I conclude with recalling to you the happiest feature of our age, and that is, the progress of the mass of the people in intelligence, self-respect, and all the comforts of life. What a contrast does the present form with past times! Not many ages ago, the nation was the property of one man, and all its interests were staked in perpetual games of war, for no end but to build up his family, or to bring new territories under his yoke. Society was divided into two classes, the high-born and the vulgar, separated from one another by a great gulf, as impassable as that between the saved and the lost. The people had no significance as individuals, but formed a mass, a machine, to be wielded at pleasure by their lords. In war, which was the great sport of the times, those brave knights, of whose prowess we hear, cased themselves and their horses in armor, so as to be almost invulnerable, whilst the common people on foot were left, without protection, to be hewn in pieces or trampled down by their betters. Who that compares the condition of Europe a few years ago with the present state of the world, but must bless God for the change? The grand distinction of modern times is, the emerging of the people from brutal degradation, the gradual recognition of their rights, the gradual diffusion among them of the means of improvement and happiness, the creation of a new power in the state,-the power of the people. And it is worthy remark, that this revolution is due in a great degree to religion, which, in the hands of the crafty and aspiring, had bowed the multitude to the dust, but which, in the fulness of time, began to fulfil its mission of freedom. It was religion which, by teaching men their near relation to God, awakened in them the consciousness of their importance as individuals. It was the struggle for religious rights which opened men's eyes to all their rights. It was resistance to religious usurpation which led men to withstand political oppression. It was religious discussion which roused the minds of all classes to free and vigorous thought. It was religion which armed the martyr and patriot in England against arbitrary power, which braced the spirits of our fathers against the perils of the ocean and wilderness, and sent them to found here the freest and most equal state on earth.

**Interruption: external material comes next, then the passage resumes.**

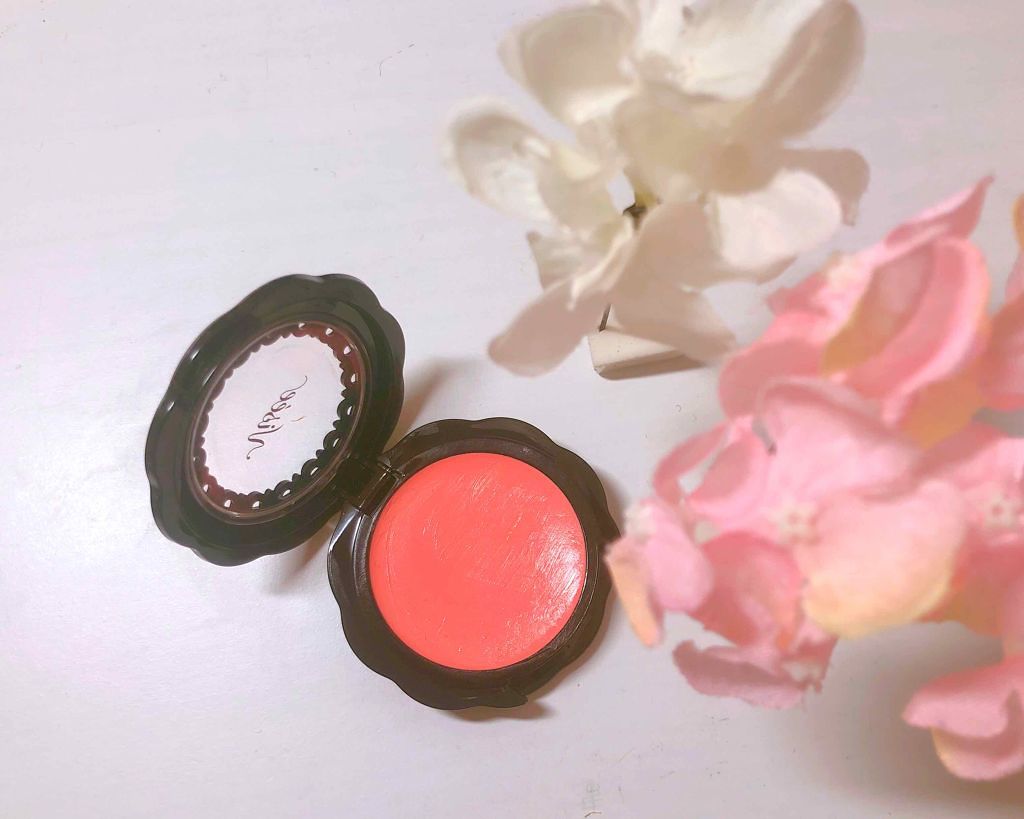 リシェ リップ&チーク クリーム/Visée/ジェル・クリームチークを使ったクチコミ(1枚目)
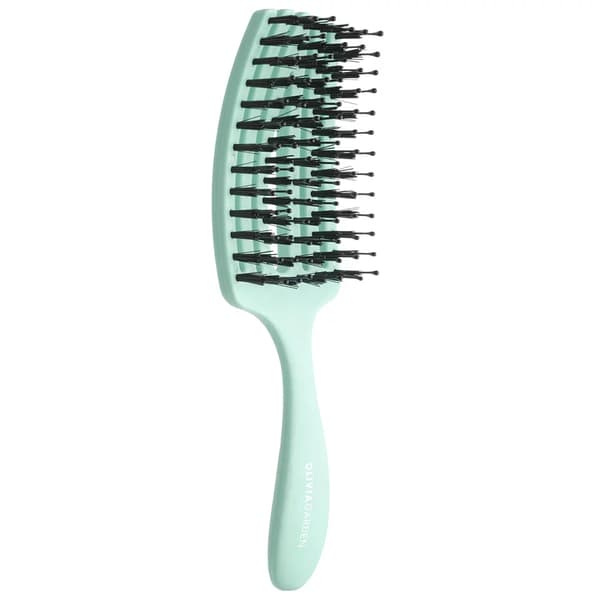Olivia Garden FingerBrush Mini Børnehårbørste - Mint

Let us thank God for what has been gained. But let us not think everything gained. Let the people feel that they have only started in the race. How much remains to be done! What a vast amount of ignorance, intemperance, coarseness, sensuality, may still be found in our community! What a vast amount of mind is palsied and lost! When we think that every house might be cheered by intelligence, disinterestedness, and refinement, and then remember in how many houses the higher powers and affections of human nature are buried as in tombs, what a darkness gathers over society! And how few of us are moved by this moral desolation! How few understand, that to raise the depressed, by a wise culture, to the dignity of men, is the highest end of the social state? Shame on us, that the worth of a fellow-creature is so little felt.

I would that I could speak with an awakening voice to the people of their wants, their privileges, their responsibilities. I would say to them, You can not, without guilt and disgrace, stop where you are. The past and the present call on you to advance. Let what you have gained be an impulse to something higher. Your nature is too great to be crushed. You were not created what you are, merely to toil, eat, drink, and sleep, like the inferior animals. If you will, you can rise. No power in society, no hardship in your condition can depress you, keep you down, in knowledge, power, virtue, influence, but by your own consent. Do not be lulled to sleep by the flatteries which you hear, as if your participation in the national sovereignty made you equal to the noblest of your race. You have many and great deficiencies to be remedied; and the remedy lies, not in the ballot-box, not in the exercise of your political powers, but in the faithful education of yourselves and your children. These truths you have often heard and slept over. Awake! Resolve earnestly on Self-culture. Make yourselves worthy of your free institutions, and strengthen and perpetuate them by your intelligence and your virtues.